The Remuneration Report sets out the remuneration arrangements of the Managing Director and Chief Executive Officer ( MD & CEO ) and specified senior executives of the Company.
The Corporations Act requires the agenda for an annual general meeting to include a resolution that the Remuneration Report be put to the vote of shareholders.
An opportunity for discussion of, and comment on, the Remuneration Report will be provided by the Chair at the AGM.
Resolution Recommendation
It is noted that each Director has a personal interest in his or her own remuneration from the Company as set out in the Remuneration Report. Notwithstanding this, the Board unanimously recommends that shareholders vote in favour of Item 8.
Approval of the issue of performance rights to the Company’s Managing Director and Chief Executive Officer (Item 9)
The Company seeks approval from its shareholders ( Shareholders ), for the purposes of ASX Listing Rule 10.14 and for all other purposes, for the issue of up to 168,075 performance rights (being an unlisted right to acquire one Share subject to the satisfaction of certain conditions) ( Performance Right ) to the Company’s Managing Director and Chief Executive Officer, Mr Morgan, under the Company’s Executive Long Term Incentive Plan ( Plan ) as part of his remuneration for the financial year ended 30 June 2026. As a director, Mr Morgan is categorised as an ASX Listing Rule 10.14.1 related party.
The number of Performance Rights to be issued to Mr Morgan was determined by dividing $716,000 (being 100% of Mr Morgan’s total fixed remuneration for FY26) by $4.26 being the volume weighted average price of the MyState Limited shares over the 20 trading days on ASX to 30 June 2025.
A summary of the principal terms of the Performance Rights to be granted to Mr Morgan is set out below.
Background
At the 2022 AGM, approval was obtained from the Company’s shareholders for the issue to Mr Morgan up to:
-
41,203 Performance Rights as part of his remuneration for the financial year ended 30 June 2022; and
-
104,916 Performance Rights as part of his remuneration for the financial year ended 30 June 2023,
for no consideration and at nil exercise price in accordance with the Plan.
The 146,119 Performance Rights approved at the 2022 AGM were issued to Mr Morgan on 31 October 2022 on the terms as approved.
At the 2023 AGM, approval was obtained from the Company’s shareholders for the issue to Mr Morgan up to 162,540 Performance Rights as part of his remuneration for the financial year ended 30 June 2024 for no consideration and at nil exercise price in accordance with the Plan.
The 162,540 Performance Rights approved at the 2023 AGM were issued to Mr Morgan on 31 October 2023 on the terms as approved.
At the 2024 AGM approval was obtained from the Company’s shareholders for the issue to Mr Morgan up to 136,170 Performance Rights as part of his remuneration for the financial year ended 30 June 2025 for no consideration and at nil exercise price in accordance with the Plan.
The 136,170 Performance Rights approved at the 2024 AGM were issued to Mr Morgan on 30 October 2024 on the terms as approved.
Mr Morgan has again been invited by the Board, and is entitled, to participate in the Plan and to be issued with Performance Rights as part of his long term incentive if approved by shareholders at this AGM.
The Board has set Mr Morgan’s remuneration package for FY26 to include the grant of Performance Rights under the Plan contingent upon the achievement of performance goals aligned with the continued growth of the MyState business and creation of Shareholder value.
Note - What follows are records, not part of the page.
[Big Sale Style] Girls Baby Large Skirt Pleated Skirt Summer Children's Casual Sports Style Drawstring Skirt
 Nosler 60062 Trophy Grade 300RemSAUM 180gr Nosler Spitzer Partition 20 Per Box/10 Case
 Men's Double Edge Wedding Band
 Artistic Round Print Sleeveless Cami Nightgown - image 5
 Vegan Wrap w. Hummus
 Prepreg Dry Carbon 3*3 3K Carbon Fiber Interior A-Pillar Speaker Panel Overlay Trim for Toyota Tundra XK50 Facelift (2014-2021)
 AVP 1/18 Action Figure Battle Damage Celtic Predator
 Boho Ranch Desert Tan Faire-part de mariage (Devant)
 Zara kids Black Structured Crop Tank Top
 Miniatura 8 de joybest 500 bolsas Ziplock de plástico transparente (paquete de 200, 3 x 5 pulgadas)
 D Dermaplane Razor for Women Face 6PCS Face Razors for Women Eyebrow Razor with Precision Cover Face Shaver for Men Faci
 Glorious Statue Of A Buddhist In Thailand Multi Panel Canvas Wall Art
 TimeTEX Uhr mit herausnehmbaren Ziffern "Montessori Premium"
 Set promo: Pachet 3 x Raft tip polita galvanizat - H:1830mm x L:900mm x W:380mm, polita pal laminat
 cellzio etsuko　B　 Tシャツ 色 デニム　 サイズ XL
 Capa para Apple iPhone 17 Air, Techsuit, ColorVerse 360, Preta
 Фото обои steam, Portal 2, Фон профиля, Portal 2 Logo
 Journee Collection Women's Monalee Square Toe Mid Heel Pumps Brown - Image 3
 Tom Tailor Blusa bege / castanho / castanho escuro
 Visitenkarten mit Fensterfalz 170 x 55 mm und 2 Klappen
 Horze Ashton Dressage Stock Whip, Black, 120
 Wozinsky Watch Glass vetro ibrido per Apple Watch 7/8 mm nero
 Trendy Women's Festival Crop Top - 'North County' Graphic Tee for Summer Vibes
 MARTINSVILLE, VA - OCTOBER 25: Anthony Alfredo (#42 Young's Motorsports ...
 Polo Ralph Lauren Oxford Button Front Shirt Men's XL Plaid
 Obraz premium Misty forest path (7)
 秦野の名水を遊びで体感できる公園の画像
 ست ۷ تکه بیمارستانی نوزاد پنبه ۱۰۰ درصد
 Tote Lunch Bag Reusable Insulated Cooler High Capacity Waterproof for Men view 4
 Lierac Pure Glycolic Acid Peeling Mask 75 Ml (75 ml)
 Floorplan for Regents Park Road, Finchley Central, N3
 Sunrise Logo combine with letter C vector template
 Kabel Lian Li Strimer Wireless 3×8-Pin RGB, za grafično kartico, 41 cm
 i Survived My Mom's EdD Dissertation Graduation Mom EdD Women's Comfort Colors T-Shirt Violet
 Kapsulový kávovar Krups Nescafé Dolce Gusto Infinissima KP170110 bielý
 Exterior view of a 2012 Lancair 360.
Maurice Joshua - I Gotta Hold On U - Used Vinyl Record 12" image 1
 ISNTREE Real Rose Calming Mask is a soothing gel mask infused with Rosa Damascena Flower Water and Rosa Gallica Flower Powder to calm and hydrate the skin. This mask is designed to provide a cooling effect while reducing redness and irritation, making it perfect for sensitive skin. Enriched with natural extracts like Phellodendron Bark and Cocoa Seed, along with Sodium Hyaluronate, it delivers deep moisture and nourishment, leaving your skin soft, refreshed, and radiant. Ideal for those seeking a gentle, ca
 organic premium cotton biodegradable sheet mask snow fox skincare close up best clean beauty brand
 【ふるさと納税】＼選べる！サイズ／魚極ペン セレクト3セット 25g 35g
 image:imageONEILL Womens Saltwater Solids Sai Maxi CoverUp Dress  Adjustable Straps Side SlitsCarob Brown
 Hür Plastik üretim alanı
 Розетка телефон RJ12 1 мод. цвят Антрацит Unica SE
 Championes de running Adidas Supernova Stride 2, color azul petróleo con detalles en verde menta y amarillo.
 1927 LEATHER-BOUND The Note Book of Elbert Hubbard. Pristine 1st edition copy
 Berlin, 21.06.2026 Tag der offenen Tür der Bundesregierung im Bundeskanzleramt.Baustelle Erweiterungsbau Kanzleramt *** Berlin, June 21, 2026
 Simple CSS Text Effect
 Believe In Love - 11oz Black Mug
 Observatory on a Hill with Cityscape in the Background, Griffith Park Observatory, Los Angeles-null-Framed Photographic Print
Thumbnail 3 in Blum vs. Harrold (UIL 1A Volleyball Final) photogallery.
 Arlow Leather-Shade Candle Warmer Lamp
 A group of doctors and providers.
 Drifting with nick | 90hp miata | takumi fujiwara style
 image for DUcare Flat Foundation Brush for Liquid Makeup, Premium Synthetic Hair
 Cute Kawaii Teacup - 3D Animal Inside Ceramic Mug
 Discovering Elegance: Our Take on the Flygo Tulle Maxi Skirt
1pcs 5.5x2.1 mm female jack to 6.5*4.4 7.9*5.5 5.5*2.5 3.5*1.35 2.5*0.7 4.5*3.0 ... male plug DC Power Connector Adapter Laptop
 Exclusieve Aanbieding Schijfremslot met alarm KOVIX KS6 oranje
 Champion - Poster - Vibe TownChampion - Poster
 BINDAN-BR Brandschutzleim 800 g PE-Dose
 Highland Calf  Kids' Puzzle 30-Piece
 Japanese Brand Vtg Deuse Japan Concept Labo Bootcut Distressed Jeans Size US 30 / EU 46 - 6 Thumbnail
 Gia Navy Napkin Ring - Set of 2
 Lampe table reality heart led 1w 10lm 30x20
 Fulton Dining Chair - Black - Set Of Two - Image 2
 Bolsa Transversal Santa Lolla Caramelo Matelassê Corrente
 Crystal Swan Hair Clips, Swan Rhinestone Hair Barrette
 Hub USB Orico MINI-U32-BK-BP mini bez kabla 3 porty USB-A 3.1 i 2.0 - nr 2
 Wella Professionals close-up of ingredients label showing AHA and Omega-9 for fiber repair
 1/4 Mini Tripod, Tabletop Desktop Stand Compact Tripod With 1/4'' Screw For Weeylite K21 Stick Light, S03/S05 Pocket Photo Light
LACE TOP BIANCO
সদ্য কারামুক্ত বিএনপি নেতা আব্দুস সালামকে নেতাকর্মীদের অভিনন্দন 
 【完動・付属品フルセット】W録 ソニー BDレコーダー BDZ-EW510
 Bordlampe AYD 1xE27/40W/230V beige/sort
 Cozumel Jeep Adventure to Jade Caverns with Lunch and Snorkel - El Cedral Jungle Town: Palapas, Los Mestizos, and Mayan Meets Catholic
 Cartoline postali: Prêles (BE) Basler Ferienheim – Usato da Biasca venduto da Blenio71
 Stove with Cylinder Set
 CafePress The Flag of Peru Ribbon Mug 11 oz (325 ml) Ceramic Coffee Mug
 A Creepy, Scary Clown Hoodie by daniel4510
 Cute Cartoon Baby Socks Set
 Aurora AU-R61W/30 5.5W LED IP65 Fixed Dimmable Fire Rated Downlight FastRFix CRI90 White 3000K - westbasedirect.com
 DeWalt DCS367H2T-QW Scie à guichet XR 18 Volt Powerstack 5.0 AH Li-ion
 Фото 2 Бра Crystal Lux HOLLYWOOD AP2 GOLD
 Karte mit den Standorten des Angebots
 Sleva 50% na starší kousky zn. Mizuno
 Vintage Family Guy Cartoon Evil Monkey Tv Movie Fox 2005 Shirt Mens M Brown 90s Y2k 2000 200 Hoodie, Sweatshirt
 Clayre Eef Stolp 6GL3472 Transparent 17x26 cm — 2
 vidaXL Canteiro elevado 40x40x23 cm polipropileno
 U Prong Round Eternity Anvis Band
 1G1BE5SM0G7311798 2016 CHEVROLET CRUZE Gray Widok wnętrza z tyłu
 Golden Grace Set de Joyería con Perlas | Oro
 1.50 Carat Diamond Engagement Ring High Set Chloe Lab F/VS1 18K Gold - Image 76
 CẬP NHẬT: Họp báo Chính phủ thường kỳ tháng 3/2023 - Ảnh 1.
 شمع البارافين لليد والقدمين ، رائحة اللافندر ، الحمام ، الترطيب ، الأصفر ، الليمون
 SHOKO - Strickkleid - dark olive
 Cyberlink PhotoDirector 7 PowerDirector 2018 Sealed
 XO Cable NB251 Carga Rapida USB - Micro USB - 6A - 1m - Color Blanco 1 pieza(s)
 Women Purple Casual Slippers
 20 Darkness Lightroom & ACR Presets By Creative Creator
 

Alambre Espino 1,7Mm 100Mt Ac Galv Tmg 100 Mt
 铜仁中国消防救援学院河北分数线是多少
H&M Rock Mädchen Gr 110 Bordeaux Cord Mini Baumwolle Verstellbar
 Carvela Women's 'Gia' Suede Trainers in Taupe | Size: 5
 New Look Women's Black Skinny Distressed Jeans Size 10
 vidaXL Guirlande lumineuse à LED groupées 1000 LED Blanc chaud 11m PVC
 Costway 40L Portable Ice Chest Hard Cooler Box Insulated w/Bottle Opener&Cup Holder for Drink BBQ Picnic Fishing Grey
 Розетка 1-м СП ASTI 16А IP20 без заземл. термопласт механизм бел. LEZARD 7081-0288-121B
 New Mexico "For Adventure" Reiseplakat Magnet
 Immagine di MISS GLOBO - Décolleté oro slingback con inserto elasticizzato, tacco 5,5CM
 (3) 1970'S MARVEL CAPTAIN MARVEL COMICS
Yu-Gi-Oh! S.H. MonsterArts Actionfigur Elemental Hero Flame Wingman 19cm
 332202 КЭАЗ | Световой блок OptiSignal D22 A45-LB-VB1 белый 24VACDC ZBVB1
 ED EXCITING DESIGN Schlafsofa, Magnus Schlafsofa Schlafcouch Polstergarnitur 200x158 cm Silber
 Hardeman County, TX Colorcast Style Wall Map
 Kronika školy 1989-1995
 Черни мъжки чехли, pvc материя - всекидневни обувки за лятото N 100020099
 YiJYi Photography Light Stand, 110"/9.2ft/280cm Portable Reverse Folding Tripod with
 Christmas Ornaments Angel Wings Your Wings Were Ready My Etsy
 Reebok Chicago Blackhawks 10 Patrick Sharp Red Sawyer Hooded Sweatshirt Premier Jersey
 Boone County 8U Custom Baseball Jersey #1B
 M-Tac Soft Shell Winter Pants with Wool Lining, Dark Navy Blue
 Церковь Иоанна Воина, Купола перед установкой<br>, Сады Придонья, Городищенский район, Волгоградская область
The Board has also reviewed the overall alignment of Mr Morgan’s and other key executives’ long term incentives. The Board aims to consistently align the remuneration of all executives participating in the Company’s long term incentive arrangements with similar terms and performance measures which are reviewed annually.
The Company’s Remuneration Policy is also available at www.mystatelimited.com.au.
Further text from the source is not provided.